TEKNIK FRICTION
TEKNIK FRICTION
3) Teknik Manipulasi Friction
Manipulasi friction merupakan salah satu teknik dasar yang digunakan di dalam massage yang mengunakan jari- jari tangan, telapak tangan dan siku yang berpungsi agar otot- otot pada tubuh menjadi rileks (otot tidak mengeras akibat timbunan sisa- sisa pembakaran kalori pada otot). Manipulasi friction adalah manipulasi dengan cara menggerus. Tujuannya adalah menghancurkan myoglosis yaitu timbunan dari sisa-sisa pembakaran yang terdapat pada otot dan menyebabkan pengerasan serabut otot. Teknik pijat friction menggunakan bagian jari jempol, yaitu melakukan gerakan melingkar kecil-kecil dengan penekanan yang lebih dalam dengan menggunakan ibu jari tersebut.
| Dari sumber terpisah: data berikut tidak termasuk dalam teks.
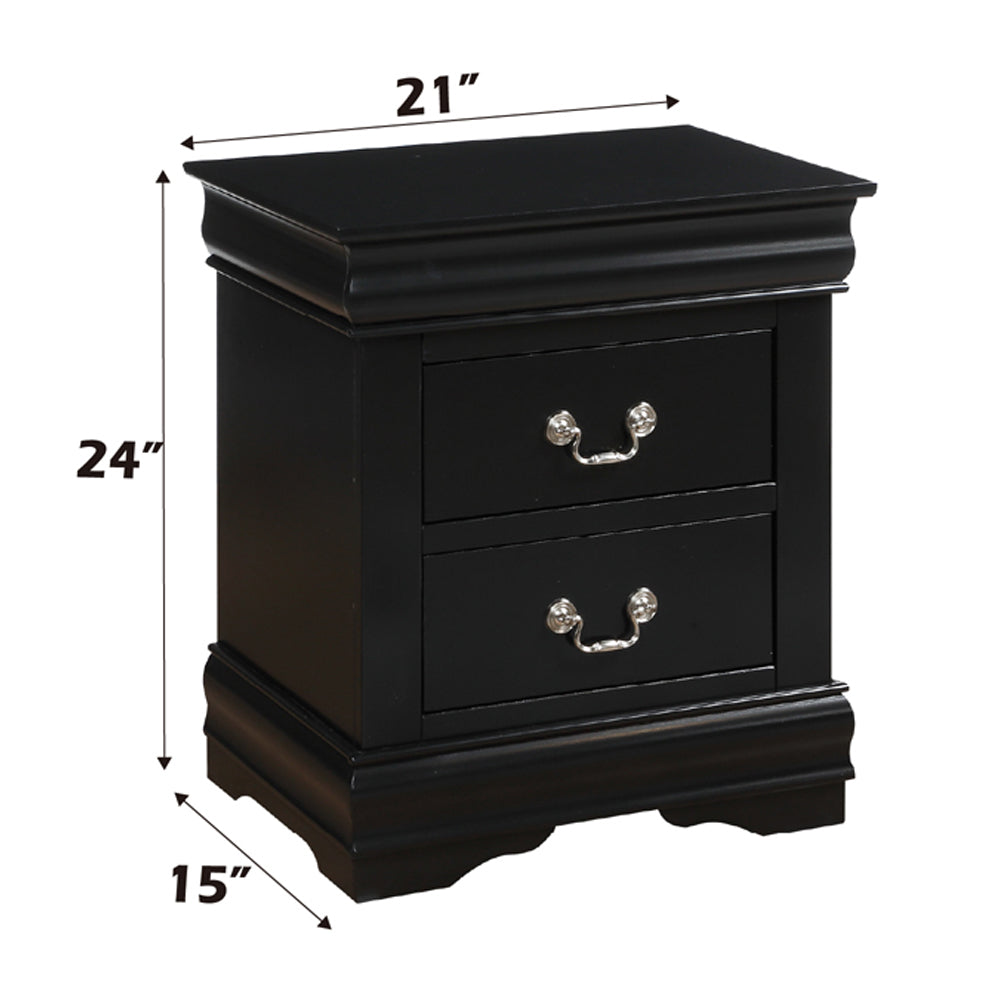 Louis Philippe Nightstand in Black Finish - dimensions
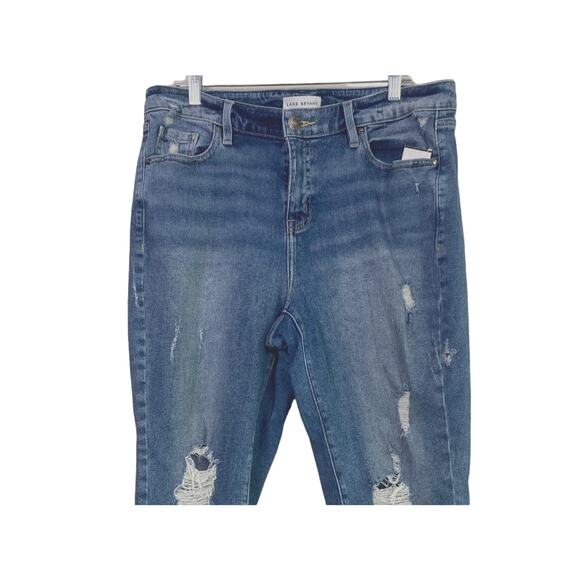 Lane Bryant Magic Waist High Rise Straight Distressed Crop Stretch Jean 16 Blue - Picture 2 of 15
Gerakan ini digunakan pada area tubuh tertentu seperti betis, trepezium dan lain-lain, dengan maksud untuk penyembuhan ketegangan otot dan rasa pegal pada persendian. Dalam melakukan gerakan friction boleh menggunakan ujung jari, buku jari bahkan siku tangan. Untuk melepaskan bagian otot yang tegang dapat menggunakan gerakan memutar (putaran kecil) dari jari jempol. Gerakan ini efektif jika dilakukan pada setiap sisi tulang belakang.Teknik ini bermanfaat untuk melepaskan bagian-bagian otot yang kejang yang terbentuk sebagian akibat stress dan ketegangan, dapat menghilangkan akumulasi dari sisa-sisa metabolisme.
Pijat friction dapat membantu memecah deposit lemak, oleh karena itu bermanfaat dalam kasus obesitas, sangat efektif menghilangkan benjolan bekas luka yang telah sembuh sempurna dan bermanfaat mengurangi tonjolan pada lutut seperti platella dan meningkatkan temperatur tubuh dengan cara meningkatkan aktivitas sel-sel tubuh sehingga aliran darah lebih lancar. Saat memijat teknik friction dilakukan berangsur-angsur menekan jaringan tubuh makin lama makin keras, sesuai dengan toleransi tubuh yang dipijat, namun tidak menekan secara berlebihan agar tidak terasa sakit. Saat melakukan gerakan friction tidak membungkukkan pundak untuk menekan, karena akan mengakibatkan kelelahan. Gerakan pijat dilakukan dengan menggerakan jaringan di bawah kulit, tidak hanya kulitnya saja. Pengaruh mekanis dari friction menghasilkan kelancaran aliran darah setempat (vasodilatasi local), merangsang pergantian nutrisi, dan juga sebagai pemanasan. Pengaruh fisiologis adalah aksi friction di dalam melancarkan aliran darah dan pembesaran serabut otot.